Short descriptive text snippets

# # # # #

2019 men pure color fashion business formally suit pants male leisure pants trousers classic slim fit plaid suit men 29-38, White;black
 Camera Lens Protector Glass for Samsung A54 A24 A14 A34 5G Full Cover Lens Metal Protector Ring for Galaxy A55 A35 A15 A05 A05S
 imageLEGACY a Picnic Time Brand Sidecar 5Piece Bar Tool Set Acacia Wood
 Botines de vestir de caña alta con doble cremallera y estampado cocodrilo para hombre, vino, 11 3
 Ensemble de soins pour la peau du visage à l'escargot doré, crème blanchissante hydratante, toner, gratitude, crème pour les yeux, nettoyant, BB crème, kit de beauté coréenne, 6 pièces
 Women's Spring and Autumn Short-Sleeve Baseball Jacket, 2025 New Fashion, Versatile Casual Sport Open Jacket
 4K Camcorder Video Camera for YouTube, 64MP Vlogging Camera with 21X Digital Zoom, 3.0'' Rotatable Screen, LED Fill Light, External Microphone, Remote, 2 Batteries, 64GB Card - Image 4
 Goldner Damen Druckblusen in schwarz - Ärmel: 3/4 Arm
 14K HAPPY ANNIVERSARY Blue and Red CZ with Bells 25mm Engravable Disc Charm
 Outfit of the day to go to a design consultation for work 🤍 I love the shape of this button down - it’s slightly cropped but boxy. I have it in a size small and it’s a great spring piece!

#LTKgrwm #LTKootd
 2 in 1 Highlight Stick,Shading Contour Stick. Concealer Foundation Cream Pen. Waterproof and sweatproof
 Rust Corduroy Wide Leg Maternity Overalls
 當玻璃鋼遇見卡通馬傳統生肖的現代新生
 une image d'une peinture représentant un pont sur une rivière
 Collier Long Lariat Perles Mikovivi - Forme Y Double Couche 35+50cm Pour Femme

# # # # #

Once you find the line with "Goldner Damen Druckblusen" in the entries above, output it and each line after it up to and including the line with "2 in 1 Highlight", and nothing else.

 Goldner Damen Druckblusen in schwarz - Ärmel: 3/4 Arm
 14K HAPPY ANNIVERSARY Blue and Red CZ with Bells 25mm Engravable Disc Charm
 Outfit of the day to go to a design consultation for work 🤍 I love the shape of this button down - it’s slightly cropped but boxy. I have it in a size small and it’s a great spring piece!

#LTKgrwm #LTKootd
 2 in 1 Highlight Stick,Shading Contour Stick. Concealer Foundation Cream Pen. Waterproof and sweatproof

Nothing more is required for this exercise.